How we Eat has Fundamentally Changed

Updated: Oct 2

How Brits eat has been fundamentally changed by the Covid pandemic, says Waitrose Food & Drink report. ‘These changes are here to stay. The ‘new normal’ that we all spoke about last year isn’t new anymore. It’s just normal.’

Britons’ relationship with food has been permanently altered by the coronavirus pandemic, according to new research by Waitrose, the upmarket supermarket chain. The retailer’s annual food report, which explores key trends from the past 12 months, found the way we shop, eat, and live have all been impacted by Covid-19, with a dramatic shift in everything from cooking habits to spending.


Waitrose said cooking has become “the new commute”, for example. Almost three quarters of people who have started working home - first brought about by lockdown - said cooking now provides the break between “work time” and “home time”.


Other changes include the way people buy food - and the amount they spend. “More than half us us value food more than we did pre-Covid,” Waitrose said. “70 percent of us value the role of supermarket workers more than we did, and 55 percent say our spending habits have changed for good.”

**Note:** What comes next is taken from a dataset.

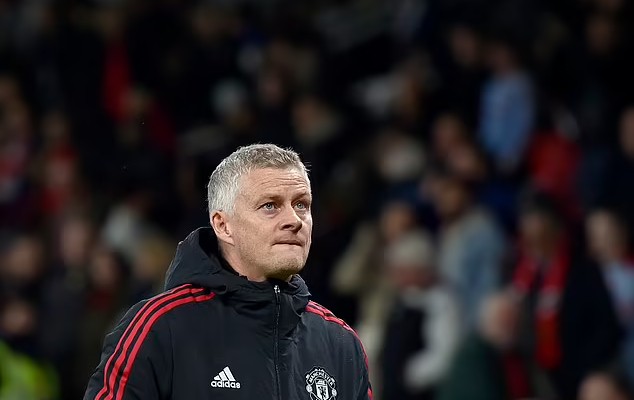 Hàng thủ đắt giá 300 triệu của Man Utd chỉ có đúng 1 trận giữ sạch lưới - Bóng Đá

The internet is a necessity to most, yet a quarter of respondents told Waitrose they did their grocery shop online for the first time in 2020.


Not only have people moved to digital baskets, but they have also reduced the number of ‘trips’ - many have switched to fortnightly food shops, and 60 percent say they’ll carry on with the pattern after the pandemic.


Lockdown might be coming to an end - slowly but, hopefully, surely - but Waitrose also revealed 58 percent of people conceded they “secretly enjoyed the lack of pressure to go out”. Instead, they’ve been at home, enjoying winter BBQs, foraging for food, spritzers, and “tornado omelettes”, a Korean technique in which scrambled eggs are twisted by two chopsticks during the cooking process to create a soft, golden whirlwind in place of the traditional French fold.


Each year, Waitrose uses sales data from millions of shoppers, as well as information from retail experts and customer surveys (2,000 people who shop across a range of retailers were polled) to compile its report. The supermarkets executive director, James Bailey, said: “Our daily rituals, our attitudes towards supermarkets and the way we shop have been fundamentally reshaped by the pandemic. These changes are here to stay. The ‘new normal’ that we all spoke about back in the spring isn’t new anymore. It’s just normal.”